「消費」とは何かを買うことだが、教育や道路や行政サービスも、金を払うという意味で消費だ。わたしたちの大半の活動は「消費行動」である。「消費」は経済学の枠組みで語られてきたが、旧来の経済学は、消費を極度に単純化し、生産(供給)を主体に理論化されてきた。バブルが崩壊し、数多くの経済学者、あるいは社会学者たちもその経済学の欠陥を指摘している。その論調はいずれも旧来の経済学的分析が「消費者不在」だというもの。もはや「大量生産、大量消費」ではないことはだれしも実感しているし、「消費不況」という言葉があるように、経済全体の問題が消費行動にかかっているという見方も強い。多くの論者が、では消費はどこへいくのか、消費主体の経済をどう改革するのか、という問題意識で議論している。
『日本人の消費行動』(牧厚志著、ちくま新書)は、旧来の経済政策が、基本原則である「効率と公正」からなる「経済学的世界観」を守らなかったことが問題だという指摘からスタートする。その上で、戦後からバブル崩壊へ至る日本の消費行動の変化を経済データから分析。経済学的世界観を軽視した日本経済のひずみを描く。そして、いかに消費者主権の経済にすべきかという提言がなされる。経済学の知識がない読者にも配慮されたわかりやすい議論であり示唆に富む。

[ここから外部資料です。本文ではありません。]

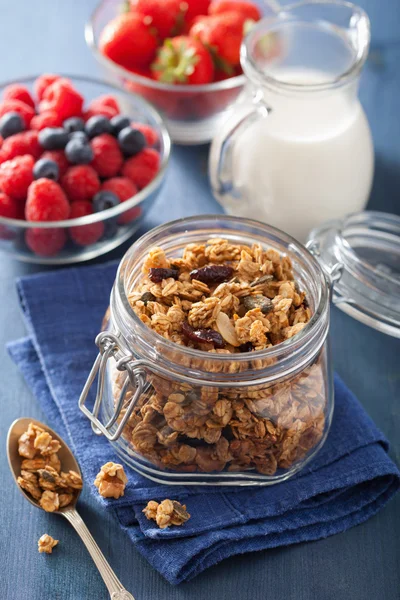 Hemgjord friska granola i glasburk och bär — Stockfoto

『消費資本主義のゆくえ』(松原隆一郎著、ちくま新書)も、欧米と日本の消費行動の変遷を経済学をベースに分析しながら、旧来の経済学の枠組みから見た「現在の不況についての通説」が誤りだと指摘する。そして産業主体の日本経済がたどりついた現在が「コンビニ」だと分析。そこから脱し、消費を主体とした経済、「消費資本主義」を提唱する。消費に関する縦横な分析は読み応えもあり、経済学の入門にもなる。

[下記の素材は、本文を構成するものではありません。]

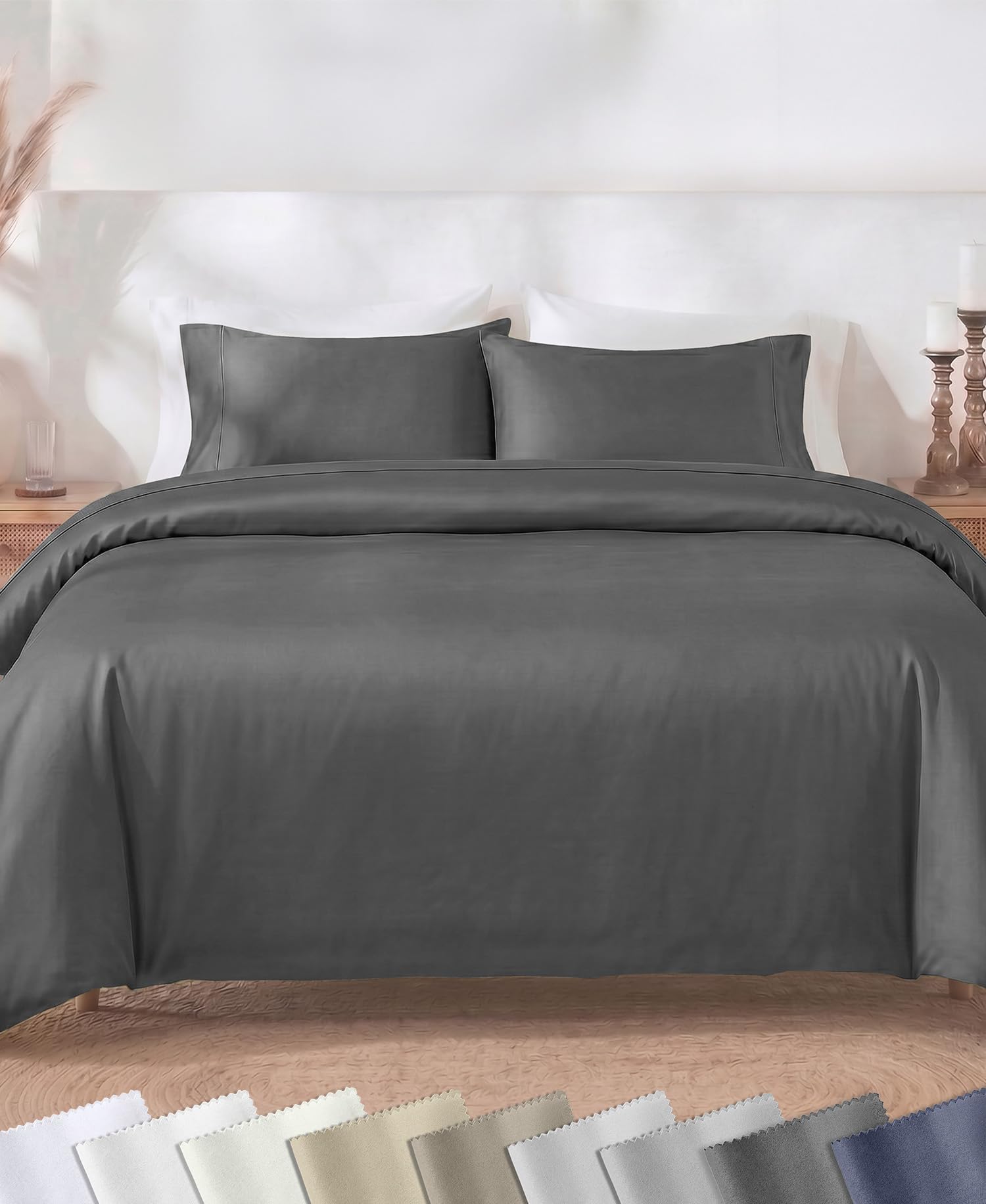 California Design Den Luxury Queen Size Duvet Cover Set, Grey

『現代社会の理論』(見田宗介著、岩波新書)は、社会学の重鎮による情報化・消費化社会の分析。近代の資本主義社会が情報化・消費化を迎えて抱えた多くの問題点を指摘しつつ、「情報」の活用により市場システムの不備を転回し「個人の幸福」にいたる消費社会を達成するという鋭い見識を提示する。社会学の論理展開になじみのない読者にはやや難解な議論も多いが、環境問題や南北問題にもふれる分析は一読の価値があろう。

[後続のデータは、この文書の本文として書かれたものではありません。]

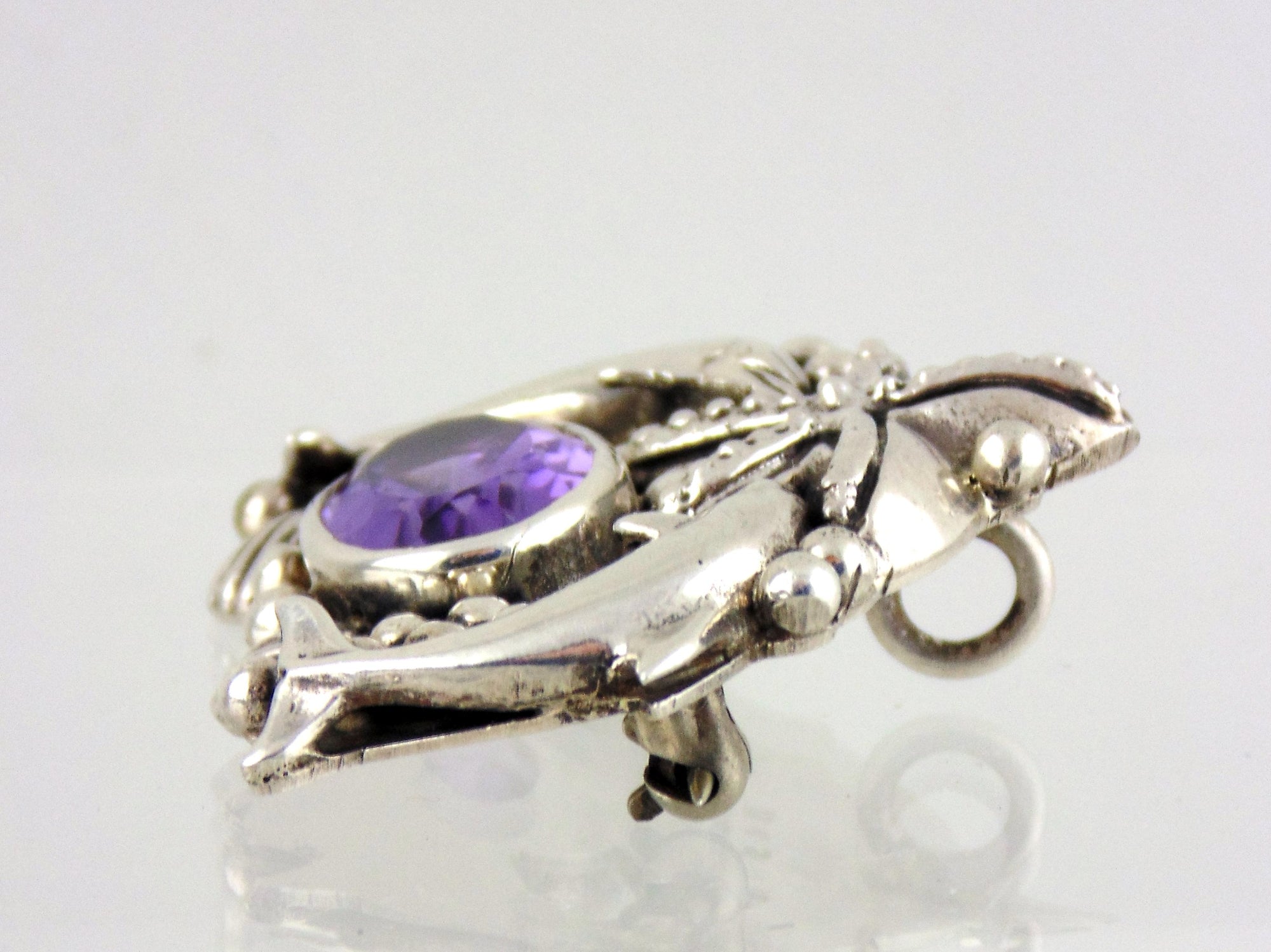 Rare Angle Carol Felley 1996 Sterling Butterfly Brooch with shops Amethyst Glass Body, Southwestern, Navajo Influenced Sterling Brooch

『複雑系としての経済』(西山賢一著、NHKブックス)は、科学分野で発展した「複雑系」の考え方を導入して経済学そのものを見直そうというもの。特に旧来の経済学では無視されてきた「消費」と「技術」を、人間の主体的な営みとしてとらえて経済を見る新たな方法を提唱する。経済とはわたしたちが「生きる舞台」であるが、その様相を大学での講義のように明快に論じた一冊だ。
消費は、もちろん社会や経済という枠組みからのみとらえるべきものではなく、個人の消費行動の観点から考えることも重要である。『売れ筋の法則』(飽戸弘著、ちくま新書)は、社会心理学の立場から消費行動を分析する著者が、個人のライフスタイルを考慮したマーケティングについて研究してきた成果をまとめたものである。ファッションや食、住居や余暇などさまざまな領域についてライフスタイルと消費の関連が描かれている。現代消費者の姿とその消費行動についての実態をデータから知ることもできる。
また『動物化するポストモダン』(東浩紀著、講談社現代新書)はアニメ・ゲーム等「オタク系文化」に焦点をあて、現代の文化消費が「データベース消費」になったという、若手批評家の旗手による分析である。おもに情報化の進展と文化の関係をあつかっているが、『現代社会の理論』や『日本人の消費行動』にも通じる優れた消費行動分析でもある。若者を中心とした消費者のライフスタイルがどう変化したかを読み解くのに貴重な論だ。